28.
Il giorno in cui Lidya venne dimessa, incaricata di prenderla e portarla a casa fu Pepper. Steve e gli Avengers erano dovuti partire per una missione improvvisa e, anche se il Capitano non sarebbe voluto partire, Lidya lo aveva praticamente costretto a farlo. Era rimasto con lei giorno e notte per settimane, dormendo scomodamente seduto su una poltrona, e solo per qualche ora a notte, troppo impegnato a preoccuparsi per lei.
Aveva bisogno di tornare alla sua routine e la sua routine consisteva nel salvare la gente, proteggere gli innocenti e tenere uno scudo in mano battendosi con coraggio.

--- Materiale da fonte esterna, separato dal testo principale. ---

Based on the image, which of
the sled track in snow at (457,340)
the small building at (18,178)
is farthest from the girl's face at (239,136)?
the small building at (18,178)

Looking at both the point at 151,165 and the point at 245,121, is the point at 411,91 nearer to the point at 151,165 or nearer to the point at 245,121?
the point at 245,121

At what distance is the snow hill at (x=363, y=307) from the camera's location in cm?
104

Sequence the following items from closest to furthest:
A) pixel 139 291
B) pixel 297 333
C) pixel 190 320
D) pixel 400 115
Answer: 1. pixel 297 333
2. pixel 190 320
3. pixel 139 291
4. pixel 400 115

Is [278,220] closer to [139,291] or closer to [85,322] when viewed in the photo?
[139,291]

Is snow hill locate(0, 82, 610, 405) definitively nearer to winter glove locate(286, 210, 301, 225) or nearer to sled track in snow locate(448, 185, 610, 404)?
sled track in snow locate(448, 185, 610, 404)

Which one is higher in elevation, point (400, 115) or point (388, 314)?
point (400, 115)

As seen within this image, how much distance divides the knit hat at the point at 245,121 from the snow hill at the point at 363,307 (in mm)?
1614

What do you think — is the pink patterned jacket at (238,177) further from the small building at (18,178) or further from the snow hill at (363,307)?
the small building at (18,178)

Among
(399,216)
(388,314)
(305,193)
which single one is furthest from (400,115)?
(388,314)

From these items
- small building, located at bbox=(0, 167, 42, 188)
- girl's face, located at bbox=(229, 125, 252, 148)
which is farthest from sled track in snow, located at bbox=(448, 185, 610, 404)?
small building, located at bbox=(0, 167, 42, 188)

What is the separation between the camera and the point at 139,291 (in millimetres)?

Era quello che era e lei amava quella parte di lui esattamente come ogni altra parte. Non voleva che rimanesse chiuso lì dentro un minuto di più, e visto che alla fine era riuscita a convincerlo, nemmeno lui voleva rimanerci.
Pepper arrivò alle otto e trenta del mattino e portò la colazione per entrambe: "Cappuccino e brioche, da quella caffetteria che ti piace tanto" le disse sistemando i sacchetti e i bicchieri sul piccolo tavolo all'angolo della stanza. "Il dottore ha detto che ci vorrà almeno mezz'ora prima che l'incartamento per le tue dimissioni sia pronto. Quindi faremo colazione."

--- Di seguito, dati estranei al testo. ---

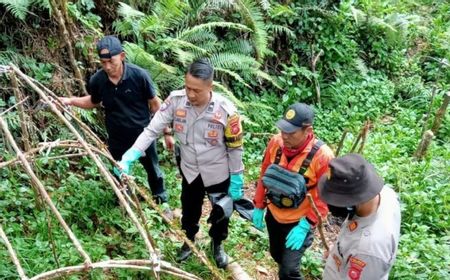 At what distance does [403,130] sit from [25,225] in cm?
547

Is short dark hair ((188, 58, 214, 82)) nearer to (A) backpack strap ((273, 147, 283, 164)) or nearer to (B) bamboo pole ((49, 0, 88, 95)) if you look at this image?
(A) backpack strap ((273, 147, 283, 164))

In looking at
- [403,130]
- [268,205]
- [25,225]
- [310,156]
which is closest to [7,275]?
[25,225]

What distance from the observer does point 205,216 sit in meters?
4.96

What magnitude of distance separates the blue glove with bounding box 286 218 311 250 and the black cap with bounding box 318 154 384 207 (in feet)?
3.10

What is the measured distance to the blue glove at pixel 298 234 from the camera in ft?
10.5

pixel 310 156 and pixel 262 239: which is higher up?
pixel 310 156

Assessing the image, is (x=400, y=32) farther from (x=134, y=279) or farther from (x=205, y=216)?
(x=134, y=279)

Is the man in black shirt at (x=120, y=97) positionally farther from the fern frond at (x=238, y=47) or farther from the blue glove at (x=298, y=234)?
the fern frond at (x=238, y=47)

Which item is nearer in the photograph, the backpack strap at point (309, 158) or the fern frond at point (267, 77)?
the backpack strap at point (309, 158)

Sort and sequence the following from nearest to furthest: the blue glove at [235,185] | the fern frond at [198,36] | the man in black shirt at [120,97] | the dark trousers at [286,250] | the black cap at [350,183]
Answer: the black cap at [350,183], the dark trousers at [286,250], the blue glove at [235,185], the man in black shirt at [120,97], the fern frond at [198,36]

Lidya si infilò le scarpe e la raggiunse al tavolo. "Mi sembra un'ottima idea. Hai notizie dei mitici Avengers?"
"Sono arrivati a destinazione sani e salvi. E pare che il problema sia già quasi del tutto risolto. Torneranno entro stasera, vedrai. Non preoccuparti."
"Non lo faccio. Come te, giusto?" Lidya sorrise appena, "suppongo che ci abbiamo fatto entrambe l'abitudine."

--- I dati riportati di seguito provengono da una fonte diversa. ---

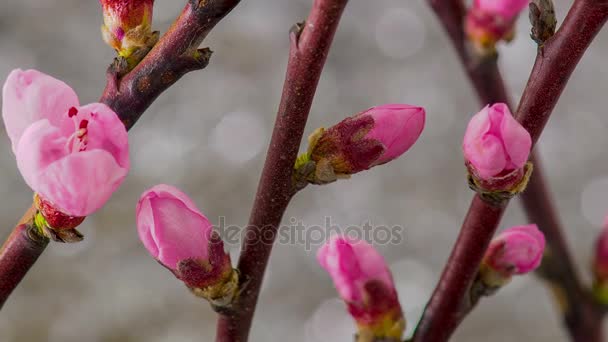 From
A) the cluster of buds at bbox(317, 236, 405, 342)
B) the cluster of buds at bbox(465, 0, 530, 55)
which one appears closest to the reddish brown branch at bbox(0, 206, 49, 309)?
the cluster of buds at bbox(317, 236, 405, 342)

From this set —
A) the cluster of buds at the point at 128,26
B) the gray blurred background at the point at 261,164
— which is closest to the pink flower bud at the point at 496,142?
the cluster of buds at the point at 128,26

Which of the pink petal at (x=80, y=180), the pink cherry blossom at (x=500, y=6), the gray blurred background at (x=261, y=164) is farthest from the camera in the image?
the gray blurred background at (x=261, y=164)

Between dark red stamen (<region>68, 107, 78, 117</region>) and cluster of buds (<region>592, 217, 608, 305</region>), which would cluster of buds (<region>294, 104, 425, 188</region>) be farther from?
cluster of buds (<region>592, 217, 608, 305</region>)

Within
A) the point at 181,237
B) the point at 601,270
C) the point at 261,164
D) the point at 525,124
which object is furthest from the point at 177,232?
the point at 261,164

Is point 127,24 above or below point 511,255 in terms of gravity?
above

"Suppongo di sì" confermò Pepper. "Come ti senti? Hai un bell'aspetto."
"Grazie" l'altra respirò a fondo. "Mi sento stanca, il che è singolare se pensi che sono stata a letto, a dormire, per più di un mese."
"Eri in coma. Non lo chiamerei proprio dormire."
"Magari è così" Lidya chiuse gli occhi e si massaggiò la tempia sinistra. "Mentre ero addormentata è successo qualcosa di strano."
"Che cosa?"
"Era come se mi fossi persa, come in un sogno. Mi sono ritrovata in un bar e non conoscevo nessuno. E poi l'ho vista, seduta ad un tavolo."
"Chi? Chi hai visto?"
"L'Agente Carter."
"Quella Agente Carter?" Pepper bevve un sorso di cappuccino. Corrugò la fronte quando la sua amica annuì leggermente. "E cosa è successo, dopo?"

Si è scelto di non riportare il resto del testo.